Chaque fois que vous entrez dans votre condo, une désagréable odeur de tabac vous prend au nez. Pourtant, vous n'êtes pas fumeur, mais votre voisin d'en bas, lui, peut griller plusieurs cigarettes quotidiennement. Rien ne vous oblige toutefois à supporter cette situation.

La meilleure façon d'agir dans des cas comme celui-là, c'est d'y aller par étapes et avec tact. C'est du moins ce que conseille François Damphousse, directeur du bureau du Québec de l'Association pour les droits des non-fumeurs. Avant de se lancer dans une bataille juridique, il vaut mieux aller cogner à la porte de son voisin, lui expliquer que l'odeur de sa cigarette est incommodante et tenter de voir avec lui s'il y a moyen de trouver une solution. Peut-il aller fumer sur son balcon, par exemple?

Si vous frappez un mur et que l'autre copropriétaire refuse de collaborer, il faut alors en discuter avec le syndicat de copropriété de votre immeuble. Un sondage pour connaître l'opinion des membres à propos de la fumée secondaire et pour savoir s'ils sont eux-mêmes incommodés permettra de déterminer un plan d'action pour la suite des choses.

Les copropriétaires peuvent ensuite convoquer une réunion et procéder à un vote pour savoir si une majorité d'entre eux accepte de modifier l'acte de copropriété pour ajouter un règlement interdisant aux gens de fumer à l'intérieur de leur unité, explique Me Karine Fournier.

Si on accepte de faire cette modification, il ne reste qu'à l'ajouter à l'acte. Le syndicat n'est pas tenu de passer devant un notaire pour le faire, précise Me Fournier. Dans le cas où les propriétaires fumeurs ne respectent pas les nouvelles règles en vigueur, ils sont passibles d'amende et peuvent même recevoir une mise en demeure.

Mais il se peut que le changement ne puisse être adopté si le copropriétaire fumeur concerné appose son veto, souligne Yves Joli-Coeur, avocat émérite et secrétaire général du Regroupement des gestionnaires et copropriétaires du Québec (RGCQ). «Il a 60 jours pour contester une décision d'assemblée», mentionne-t-il.

Dans d'autres cas, il arrive que les membres du syndicat refusent de changer le règlement.
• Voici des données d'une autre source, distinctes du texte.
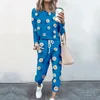 Sweats à capuche pour femmes 2023 Automne 2 pièces Ensemble Femmes Tenues Ensembles assortis Streetwear Street Style Imprimé Floral Survêtement Dames Survêtement Femme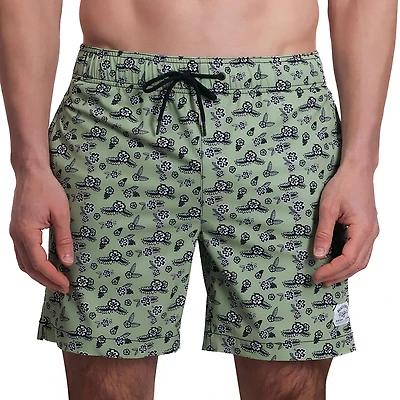 Beach Bros Men's Geo Floral Leaf Swim Trunk Shorts 6.5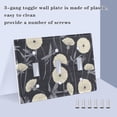 thumbnail image 4 of Haosy Light Switch Cover Plate 2 Gang Electrical Outlet Covers Elegant Cream Dandilion Decorate Wall Plate 4.56”x4.48”, 4 of 8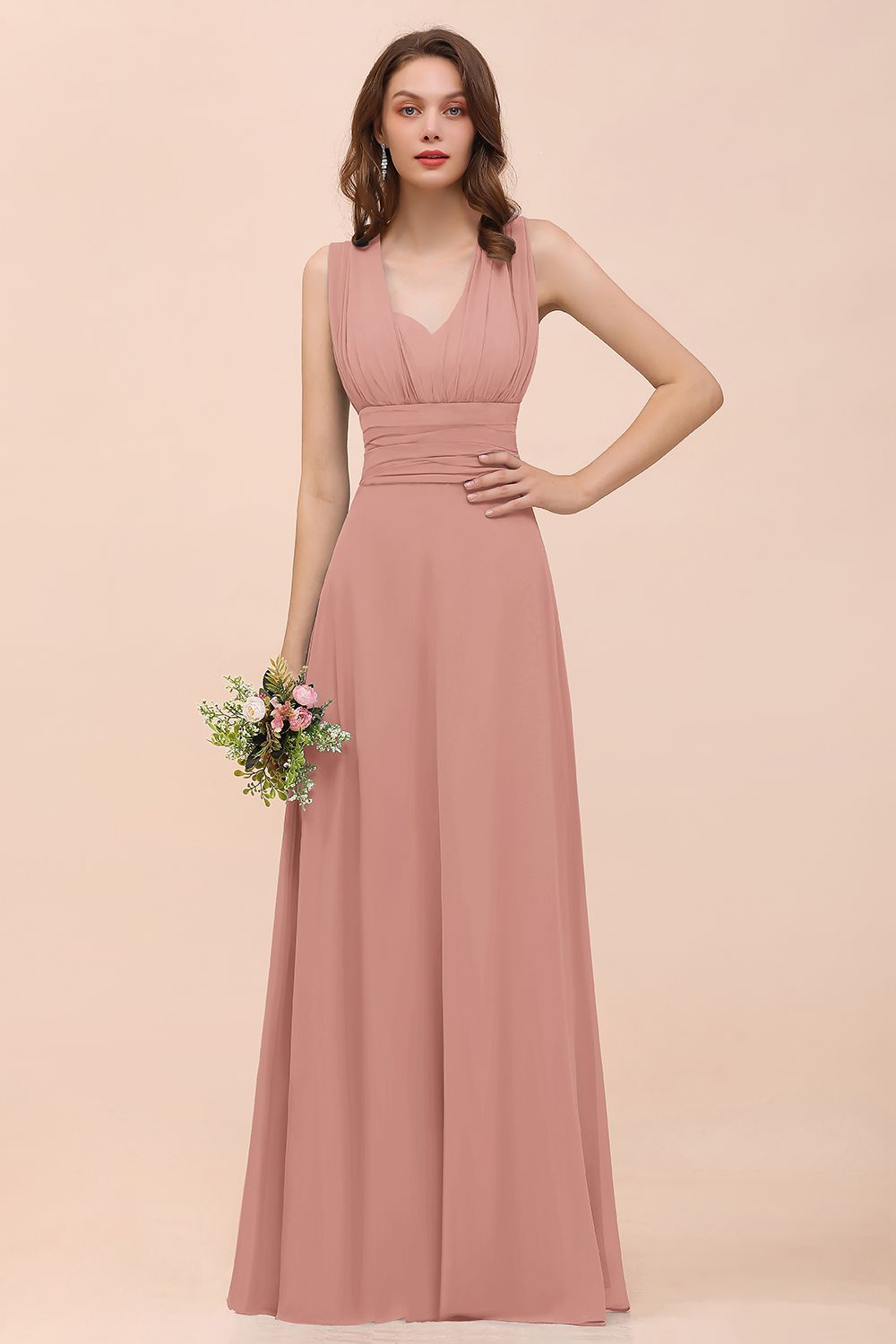 New Arrival Dusty Blue Ruched Long Convertible Bridesmaid Dresses-Babyonlines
Résultat: les copropriétaires lésés continuent de vivre avec l'odeur du tabac chez eux. Que faire dans ces cas-là? «Si le règlement ne passe pas, explique l'avocate, on se tourne vers la Cour supérieure et on demande une injonction interdisant de fumer à l'intérieur de l'unité concernée. Pour convaincre le juge, il faut démontrer qu'il y a eu infiltration et qu'on en est incommodé, ajoute-t-elle. On doit aussi démontrer qu'on a essayé de bonne foi de régler le problème.»

Si les fumeurs brandissent généralement l'argument selon lequels ils ont le droit de faire ce que bon leur semble chez eux, Me Fournier répond que, selon elle, la santé publique prime le droit à la vie privée.

Si vous êtes locataire, adressez-vous à votre propriétaire. Une clause interdisant de fumer à l'intérieur de l'appartement peut être ajoutée au bail.

Que faire en attendant?

Trouver une solution à l'infiltration de tabac avec vos voisins ne se fera pas du jour au lendemain. D'ici là, existe-t-il des moyens de diminuer l'odeur?

«Dès qu'il y a une odeur, ça veut dire que tu es contaminé», tient d'abord à préciser François Damphousse.

«Le pire problème, c'est la piètre qualité de construction», ajoute-t-il. Souvent, l'air passe par les trous près des systèmes de tuyauterie. Pour diminuer l'odeur, le mieux est d'abord de colmater ces espaces-là et de demander à son voisin fumeur de faire de même. «C'est utopique de croire qu'un condo est hermétique», souligne toutefois M. Damphousse.

Ouvrir la fenêtre, faire fonctionner la hotte de la cuisinière ou encore le ventilateur de la salle de bains, des solutions efficaces? Absolument pas, assure le Dr Fernand Turcotte, professeur émérite en santé publique de l'Université Laval. «Les constructions actuelles font en sorte qu'il se crée des microcheminées, illustre-t-il. Les appartements partagent tous la même atmosphère.»

En faisant de l'aération, il est possible de réduire l'odeur, mais la contamination est la même, insiste-t-il. «C'est un peu comme si on avait un coin pipi dans une piscine.»

«Quand on sait que nous sommes exposés à des cancérogènes, conclut le Dr Turcotte, il faut réduire l'exposition à zéro.» La seule façon d'y arriver, c'est d'interdire la cigarette partout à l'intérieur de l'immeuble, même entre les murs des propriétaires fumeurs.